Int. J. Life. Sci. Scienti. Res., 3(6): 1459-1461, November 2017

 

Current Pharmacy Curriculum in India and Need for an Update

 

Rahul P. Pol1, Prakash M. Somade2, Atul R. Chopade3, N. S. Naikwade4, R. J. Dias5

1PhD Scholar, Dept. of Pharmacology, Appasaheb Birnale College of Pharmacy, Maharashtra, India

2Associate Prof, Dept. of Physiology, Krishna Institute of Medical Sciences, Maharashtra, India

3HOD & Associate Prof, Dept. of Pharmacology, Rajarambapu College of Pharmacy, Maharashtra, India

4HOD & Prof, Dept. of Pharmacy, Govt. Polytechnic Jalgaon, Maharashtra, India

5HOD, Dept. of Pharmacy, Govt. Polytechnic Jalgaon, Maharashtra, India

 

*Address for Correspondence: Atul R. Chopade, Dept. of Pharmacology, Rajarambapu college of Pharmacy, Kasegaon- 415404, Maharashtra, India

 

ABSTRACT- With 2st Century, the pharmaceutical industry is constantly bringing in new challenges upfront day by day. There is constant need of knowledgeable and competent workforce in different streams of pharmaceutical industry having soft skills and positive energy. In India, to meet the current pharma industry demands, adequate restructuring of pharmacy academia is required to match current updates of research and innovation from the industry. New courses such as Pharmacovigilance, Medical Writing, Drug Regulatory Affairs, Pharmaceutical Marketing and Pharmaceutical Manufacturing should be introduced as a part of curriculum to match Research and Regulatory needs and should not limit to professional trainings. In developed countries, such courses are already in place. Pharmacists with such additional skill-sets are in great demand in India as well as overseas. So, the time has arrived for institutions in India to strategize and implement change in pharmacy curriculum in order to meet global needs.

Key words- AICTE, Pharmacy Council of India (PCI), Pharmacist, Pharmaceutical industry, Pharmacovigilance (PV)

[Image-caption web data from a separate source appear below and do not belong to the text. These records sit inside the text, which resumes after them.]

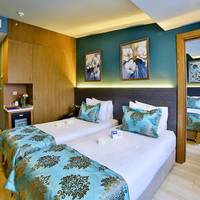Two Connecting Double Rooms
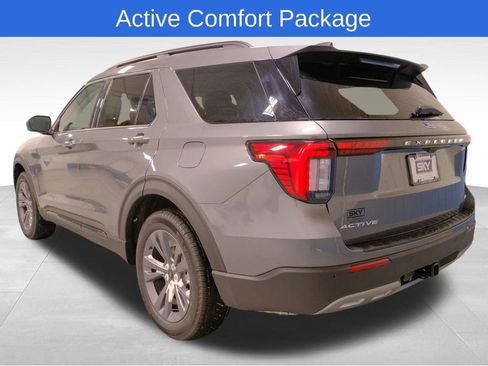 New 2026 Ford Explorer Active image 5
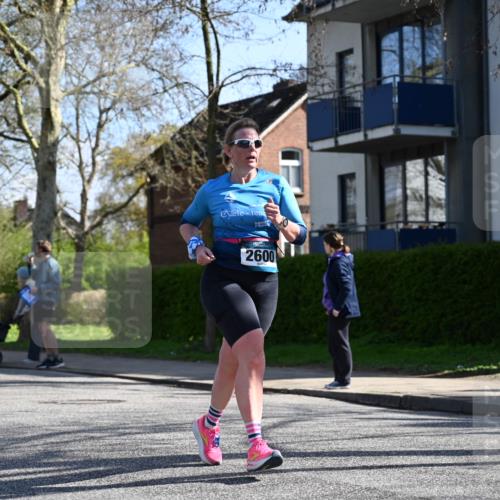 12.04.2026 - 45. Internationalen Wilhelmsburger Insellauf J. Mangold http://msf.ph/oto/9463567 12.04.2026 10:53:15 Ziel 2162, 4943, 4801, 4802, 5544, 4499, 4277, 2600, 5490, 5576, 5614, 4750, 2593, 2834, 2554, 5617, 5650, 5650, 4338, 5406 meine-sportfotos.de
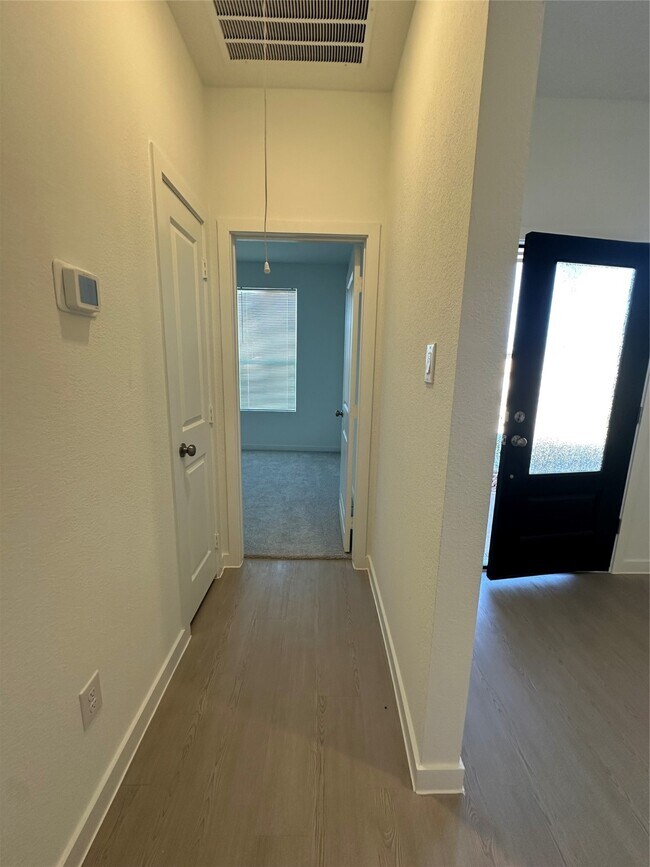 Building Photo - 16052 Tallis Dr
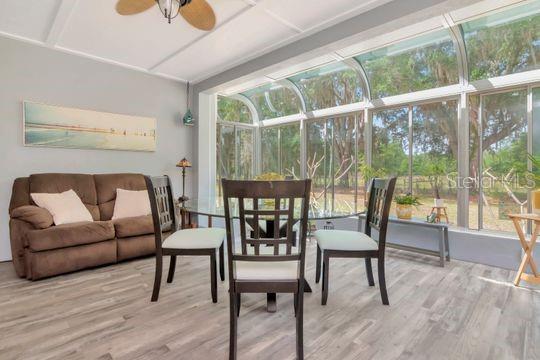 Listing photo id 11 for 5400 Bruton Road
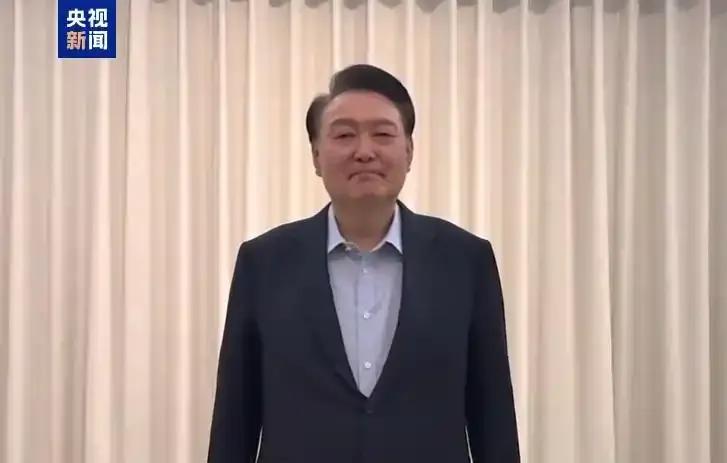 尹锡悦的困惑！韩国总统尹锡悦终于被逮捕了，等待尹锡悦的将是铁窗内的慢慢长夜，人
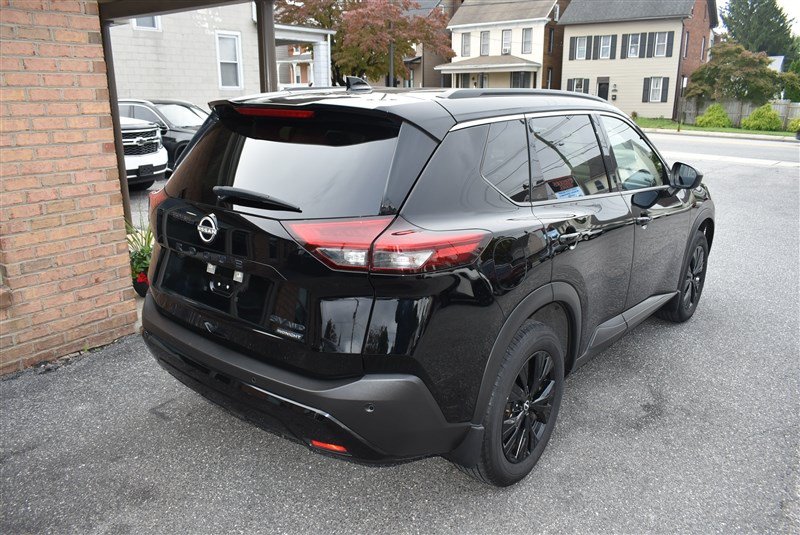 Used 2023 Nissan Rogue SV w/ SV Premium B Package AWD/4WD image 4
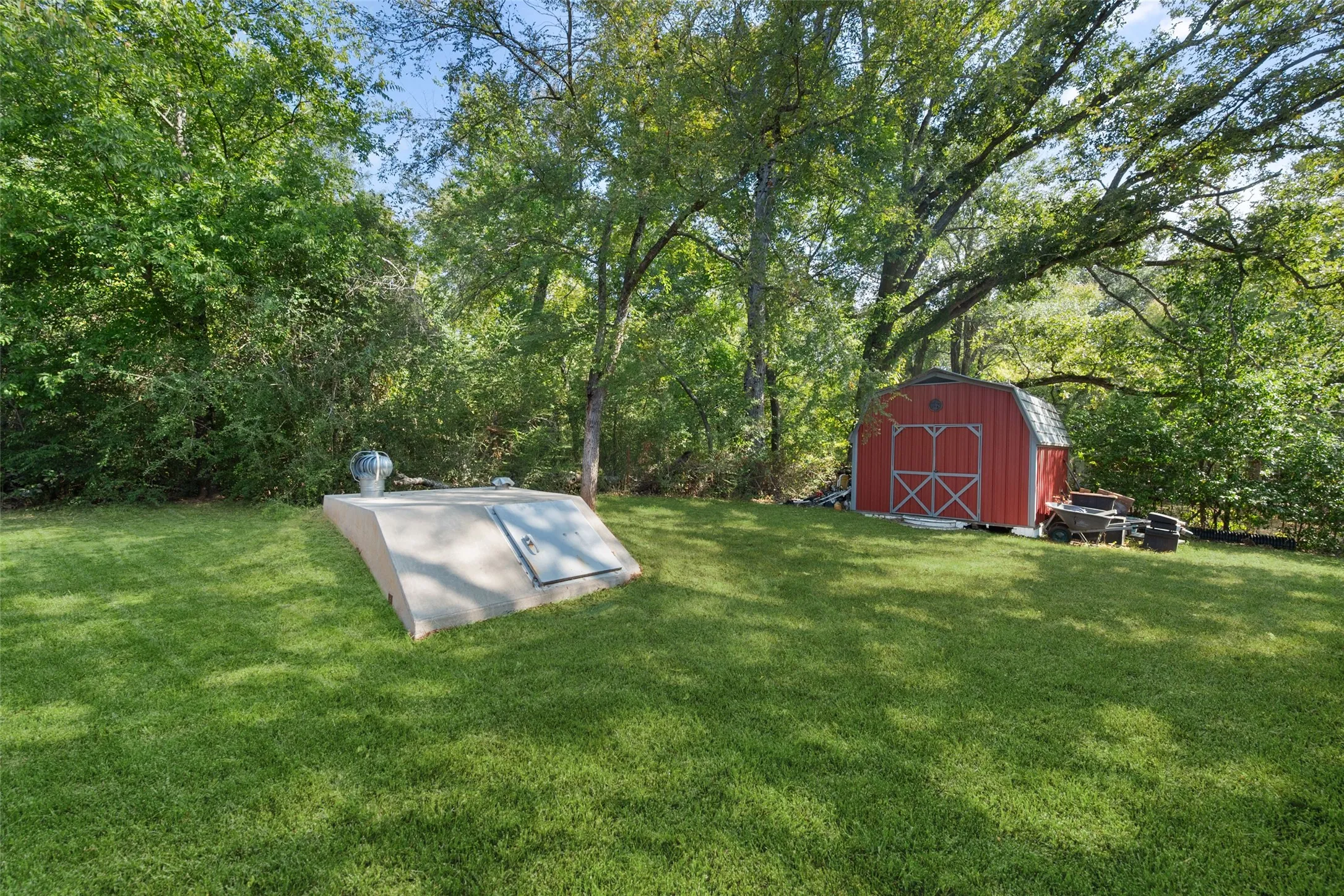 Mobile Home For Sale in Henderson County , 110 Wooded Creek Drive, Athens, Texas 75751, 4 Bedroom, 2 Bathroom, Garage spaces, 1,792 Sqft, built in 2016, mls#21398110, Real Estate Agent in Athens, Homes For Sale in Henderson county, Homes For Sale in Athens, Realtor in Athens Texas, Real Estate Brokerage Independent Realty Texas, Luminita Cordes Realtor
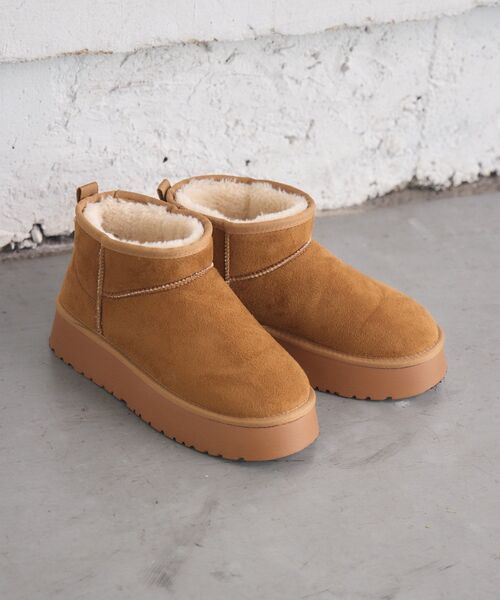 RETRO GIRL（レトロガール）の「ショートムートン（ブーツ・レディース・ブラック/キャメル/ダークグレー・MEDIUM/LARGE）」の9枚目の写真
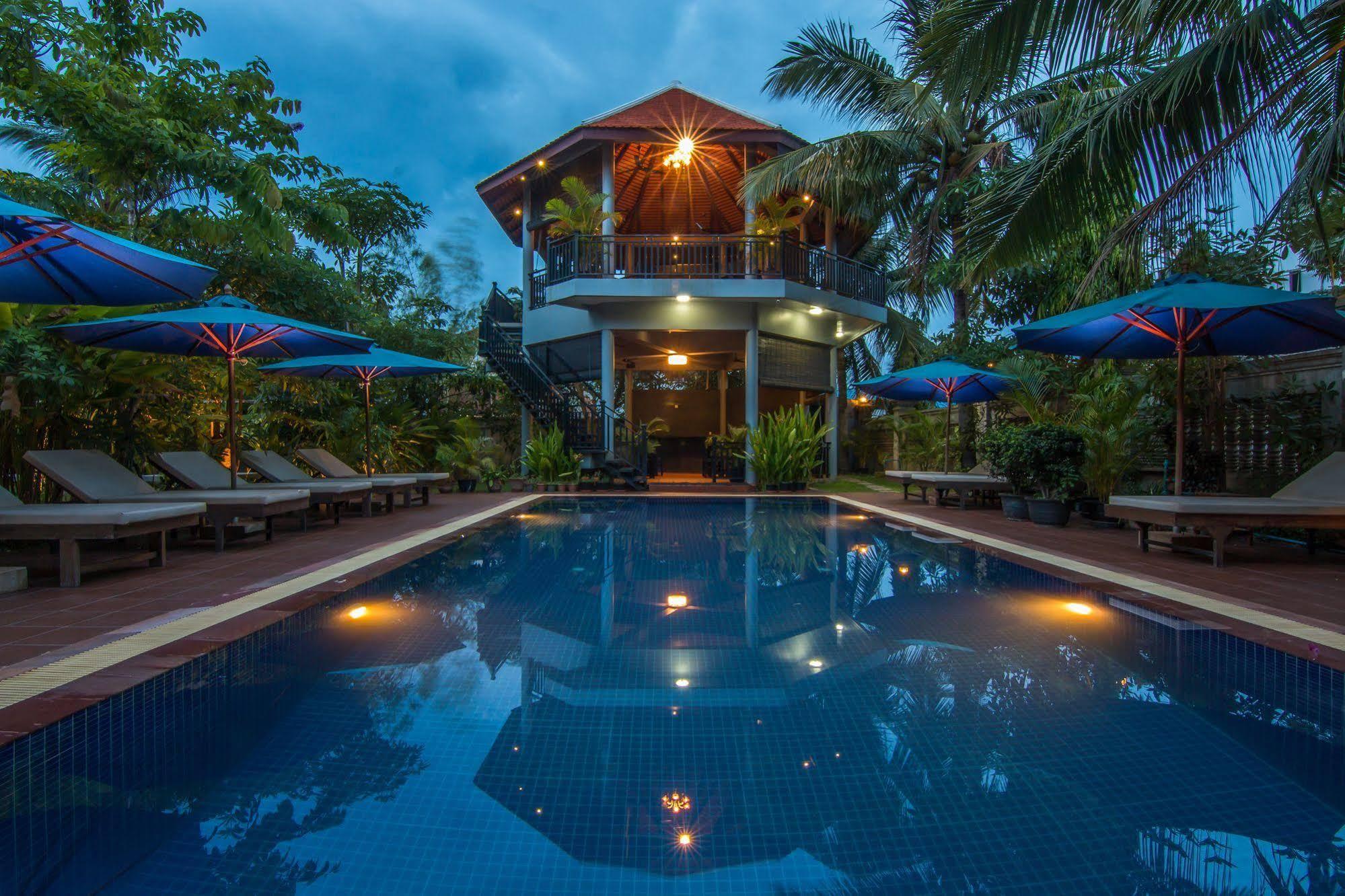 Reveal Angkor Hotel Siem Reap Exterior foto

INTRODUCTION- Pharmacy education in India is regulated by 2 organizations: the Pharmacy Council of India (PCI), under the Pharmacy Act of 1948, and the All India Council for Technical Education (AICTE), which was established under the AICTE Act of 1987 [1-3]. The quality of pharmacy education imparted by our universities has everlasting impact on quality of health care offered to our society [1-3]. Moreover, there is no standardized pharmacy curriculum and it varies across the universities. Any further delay in meeting present and future requirements of pharmacy curriculum may cause major set-back for the coming generations of pharmacists [4-5]. The current curriculum of industrial pharmacy covered in Bachelor of Pharmacy at some universities is outdated.  To confront new challenges there is thus an urgent unmet need to initiate an academic exercise aimed at attaining revamping of curriculum and restructure the present pharmacy education in pace with current and emerging trends in the field of pharmacy[2-3,6-7]. Keeping all this in view, a new syllabus that enables to meet the future challenges needs to be deployed. Newer courses that can be introduced to match Research & Development needs includes Pharmacovigilance (PV) and Medical Writing (MW), Pharmacology, Drug Regulatory Affairs, Pharmaceutical Marketing, Pharmaceutical Manufacturing and other areas which in turn cater the current knowledge and developments and create newer avenues for the employment of the pharmacy students [8- 11]. The pharmacy institutes, importantly, needs to understand the impact of the new syllabus on the potential employment of the students coming out of the institutions [2-3]. In India, the current syllabus of pharmacy leverage limited information about the PV and MW. In view to increase the safety reporting, we also need to target education of PV and MW not only in the pharmacy syllabus but also among the respective streams of sciences [8-11].

 

Role of Pharmacists- The role of pharmacist is now evolving from that of compounder and dispenser of medicines to that of experts on medicines within multidisciplinary health care systems [9-11]. Pharmacists are preferred choice for task shifting in health care industry and can per further train for roles such as clinical management, laboratory diagnostics, etc [9-11]. Certainly, pharmacists are competent and cost-effective workforce for "pharmaceutical care interventions"; however, internationally, there is an underuse of pharmacists for patient care and public health programs. There is an urgent need for advanced education and training for preparing an adequate number of well-trained pharmacists for such roles. The role of pharmacists is still in infancy in India unlike in developed countries where they are the authority on drug dispensation [1 -11]. Pharmacy education in India traditionally has been industry and product oriented. In contrast to the situation in developed nations, graduate pharmacists prefer placements in the pharmaceutical industry. The current education system is complex and the profession is yet to be established in India. Even in government hospitals, around 25% of the posts are vacant [1-4]. Acknowledging that health care needs can vary across geography and culture, an international group of key stakeholders in pharmacy education and global health has reached unanimous agreement that pharmacy education must be quality-driven and directed towards societal health care needs, the services required to meet those needs, the competences necessary to provide these services and the education needed to ensure those competences [12]. Using that framework, this commentary describes the Pharmacy Education Taskforce of the World Health Organization, United Nations Educational, Scientific and Cultural Organization and the International Pharmaceutical Federation Global Pharmacy and the Education Action Plan 2008-2010, including the foundation, domains, objectives and outcome measures, and includes several examples of current activities within this scope [13-14]..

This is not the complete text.